12. A hand-held fastener driver for fastening elements comprising: a driving tappet movably mounted in a tappet guide and driveable by at least one drive spring element; a tensioner for the drive spring element; a locking mechanism having a locked position where the drive spring element is lockable in a tensioned position; and the tensioner having a tensioning element provided with a profile, the tensioning element axially moveable along a longitudinal axis of motion by a rotatable counter-element engaged with the profile and driveable by a motor; a guide for the tensioning element having a first guide section to non-rotatably guide the tensioning element along the longitudinal axis of motion and at least one additional guide section allowing the tensioning element to swivel around the longitudinal axis of motion, the locking mechanism shiftable into a release position by a swiveling movement of the tensioning element.

13. The fastener driver according to claim 12, further comprising a trigger switch, the swiveling movement of the tensioning element capable of being initiated via the trigger switch to shift the locking mechanism into the release position.

14. The fastener driver according to claim 12, wherein the additional guide section has a stop limiting the swiveling of the tensioning element around the longitudinal axis of motion to a maximum swiveling angle within a range from 30° to 100° .

15. The fastener driver according to claim 12, wherein the tensioning element has at least one radially protruding guide element interacting with the guide sections.

16. The fastener driver according to claim 12, further comprising two guide elements radially opposite from each other and having guide rollers.

17. The fastener driver according to claim 12, wherein a first end of the tensioning element has a coupling and locking part of the locking mechanism, the coupling and locking part engageable with a counter-coupling part of the driving tappet, and a second end of the tensioning element has at least one guide element.

18. The fastener driver according to claim 13, further comprising a freewheel switchable by the trigger switch and arranged between a coupling and locking part of the locking mechanism and the tensioning element.

19. The fastener driver according to claim 18, wherein the freewheel is configured as a wrap spring clutch.

20. The fastener driver according to claim 12, wherein the tensioning element is configured as a round rod provided with the profile in the form of a thread, said rod passing through a rotatably mounted counter-element configured as a lock nut and provided with an internal thread complementary to the thread of the tensioning element.

21. The fastener driver according to claim 12, wherein the tensioning element is arranged coaxially to the driving tappet.

22. The fastener driver according claim 12, wherein the tensioning element is arranged coaxially to the at least one drive spring element.

Description:

This claims priority to German Application Serial No.
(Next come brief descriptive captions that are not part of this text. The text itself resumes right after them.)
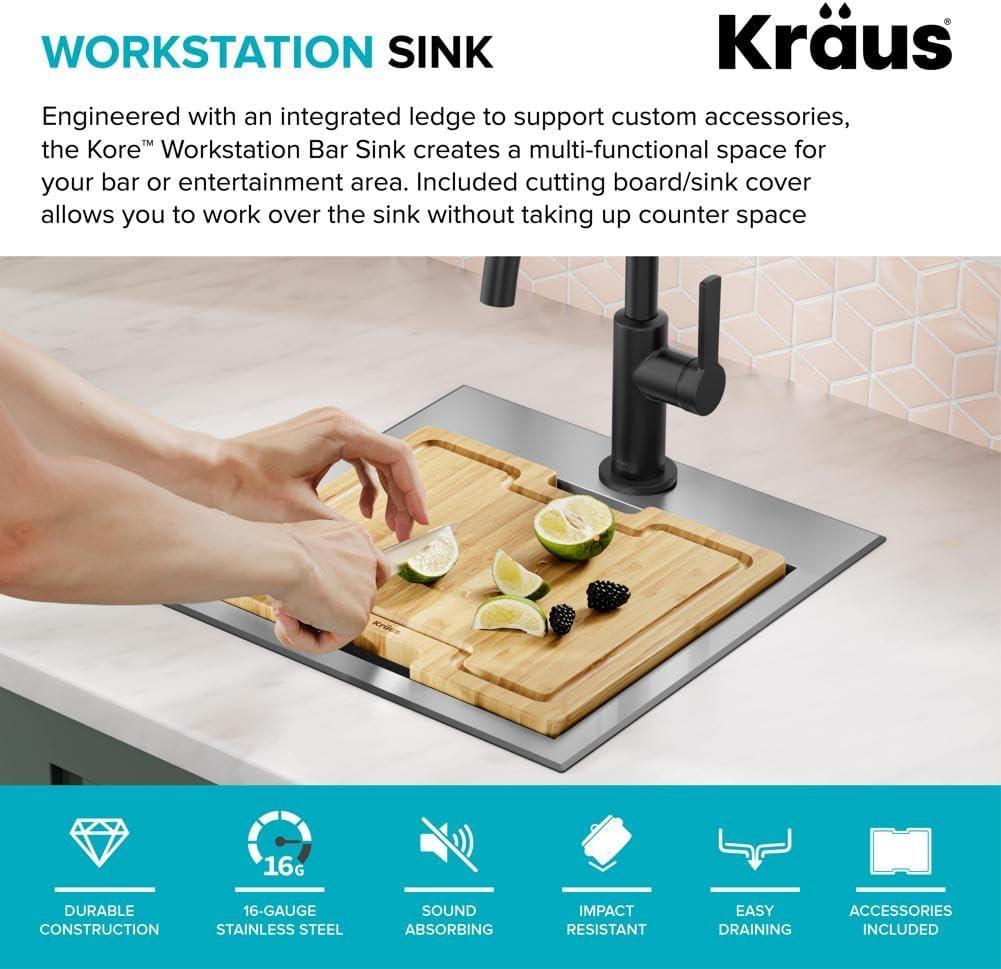 KRAUS Kore™ 15" L Drop-In Top Mount Workstation 16 Gauge Stainless Steel Square Single Bowl Kitchen Bar Sink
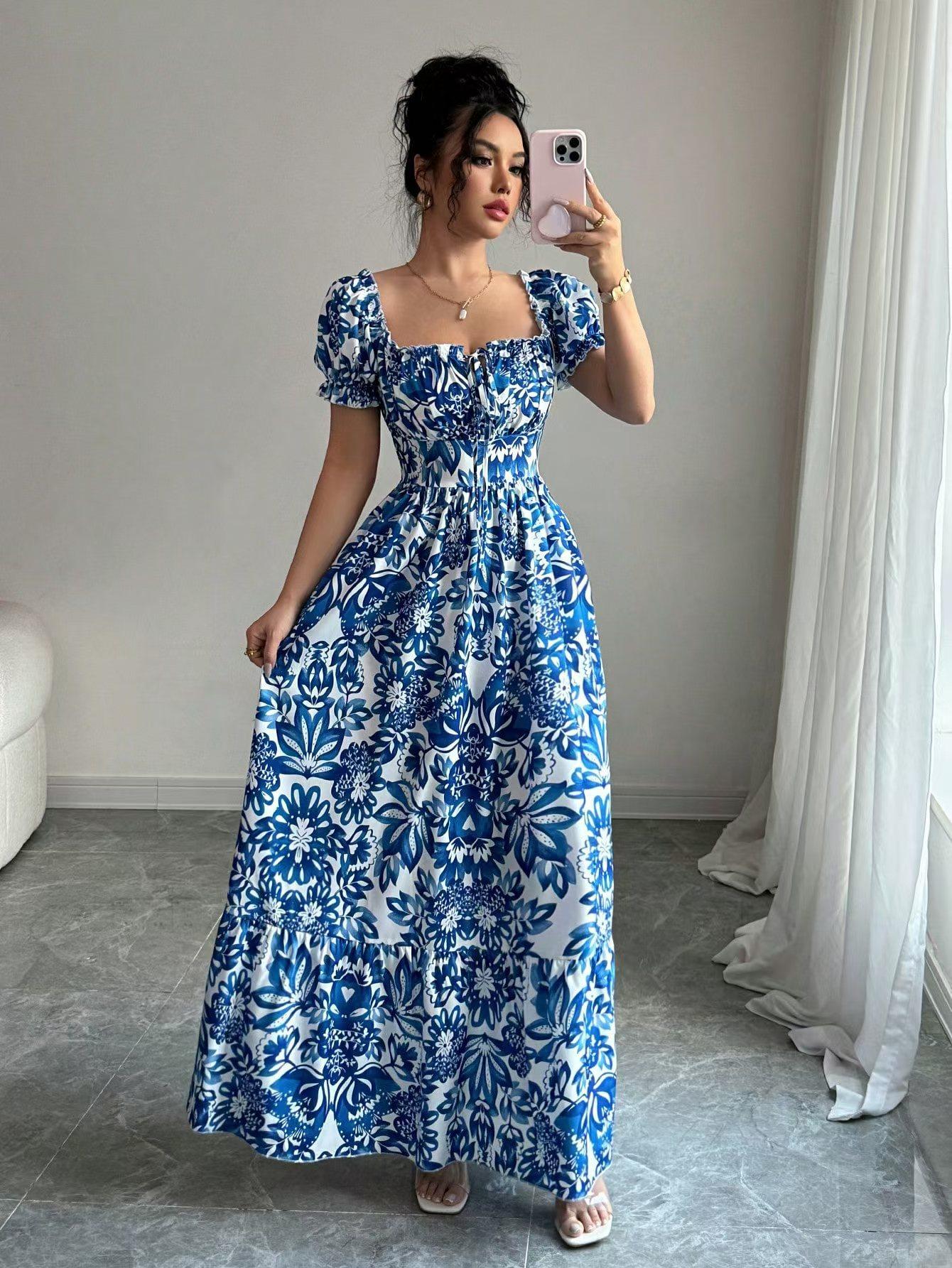 

New printed puff-sleeved square neck lace-up waist elegant dress for women XS синий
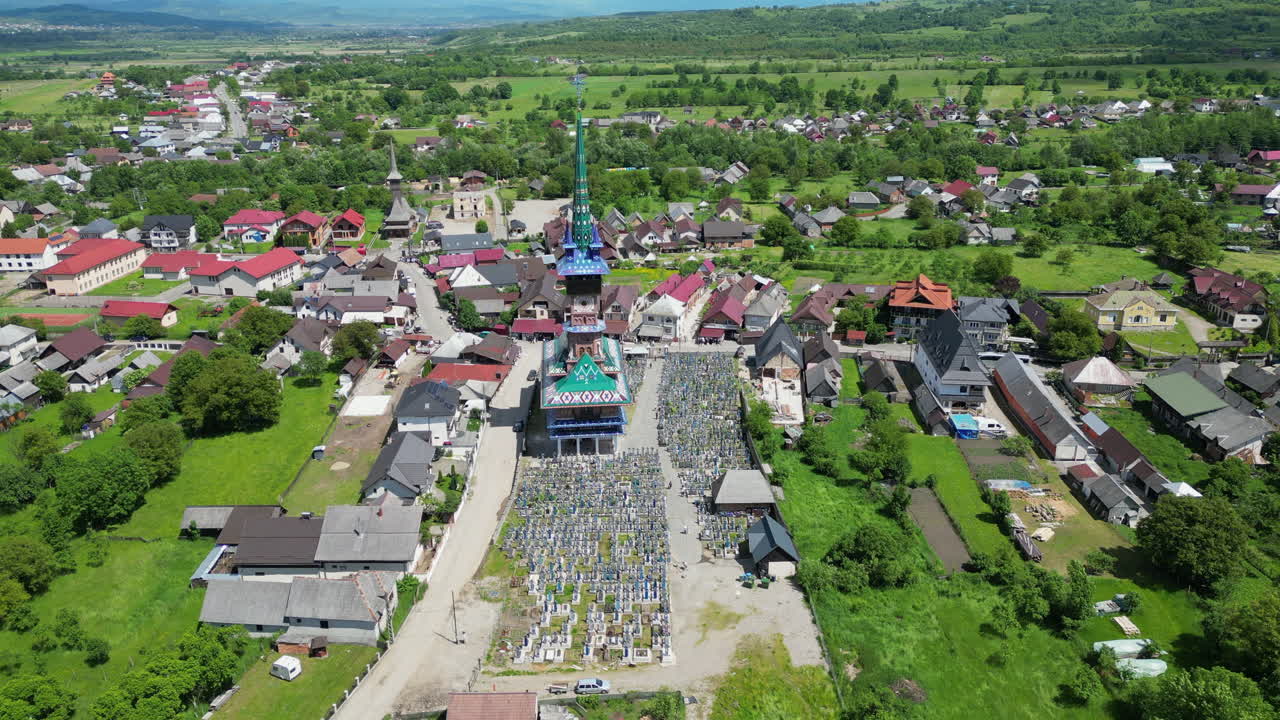 Nice aerial view of the Merry Cemetery in Sapanta, Romania, famous for its colorful tombstones with naive paintings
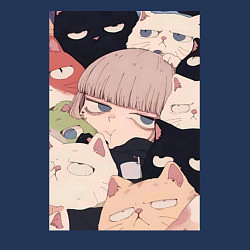 Свитшот хлопковый мужской Девушка с котиками, цвет: тёмно-синий — фото 2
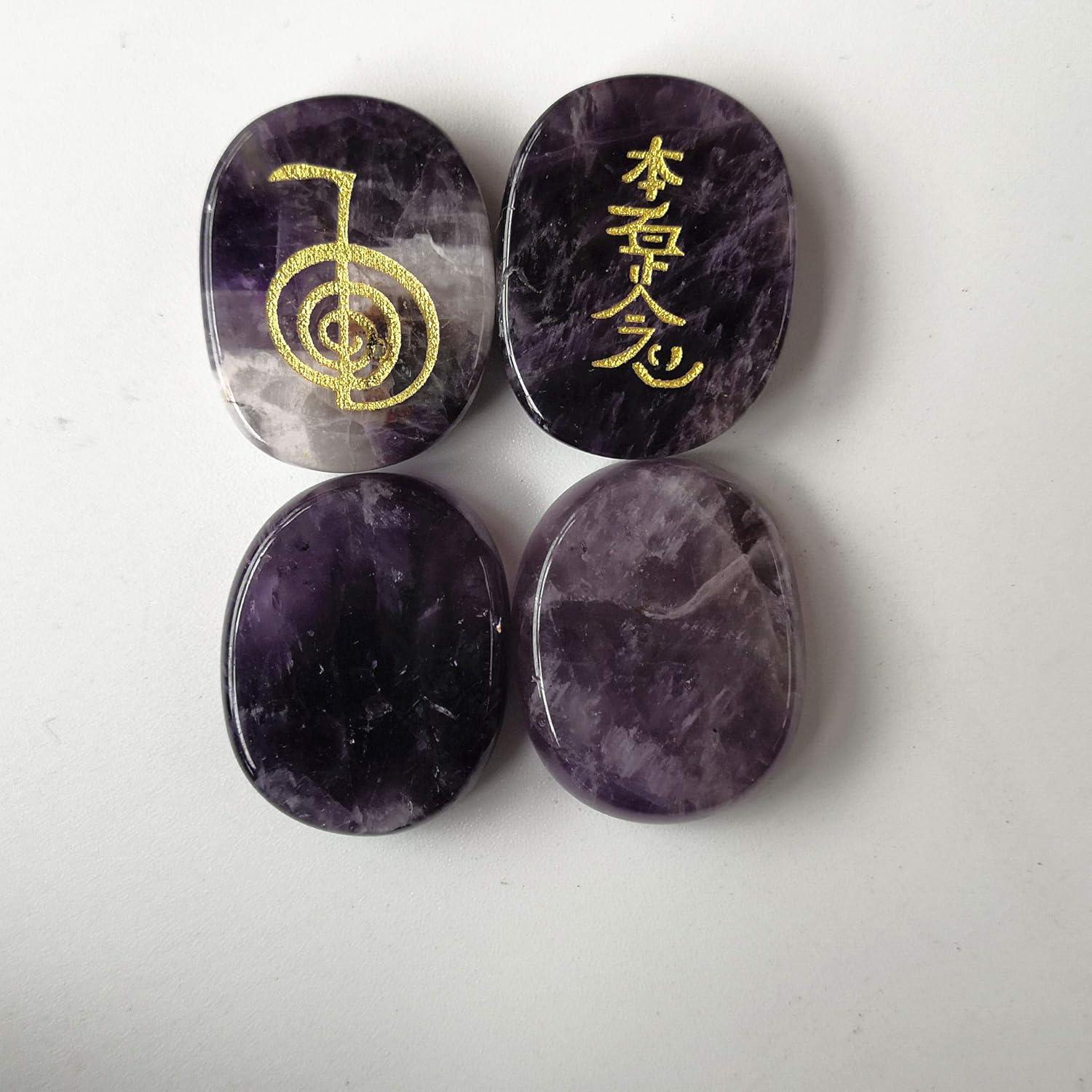 Juego de 4 Piedras de Chakra Amatista Loveliome 25mm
DE 10 2008 042 699.7, filed Oct. 9, 2008, the entire disclosure of which is hereby incorporated by reference herein.

The present invention relates to a hand-held fastener driver for fastening elements. Such hand-held fastener drivers have a movably arranged driving tappet by means of which fastening elements can be driven into a workpiece.

BACKGROUND OF THE INVENTION

These fastener drivers are powered, for instance, electrically, whereby at least one drive spring serves as the energy storage unit for the driving tappet, and this drive spring can be tensioned by means of an electrically operated tensioning mechanism. An advantage of such fastener drivers is their simple construction, which makes them inexpensive to produce.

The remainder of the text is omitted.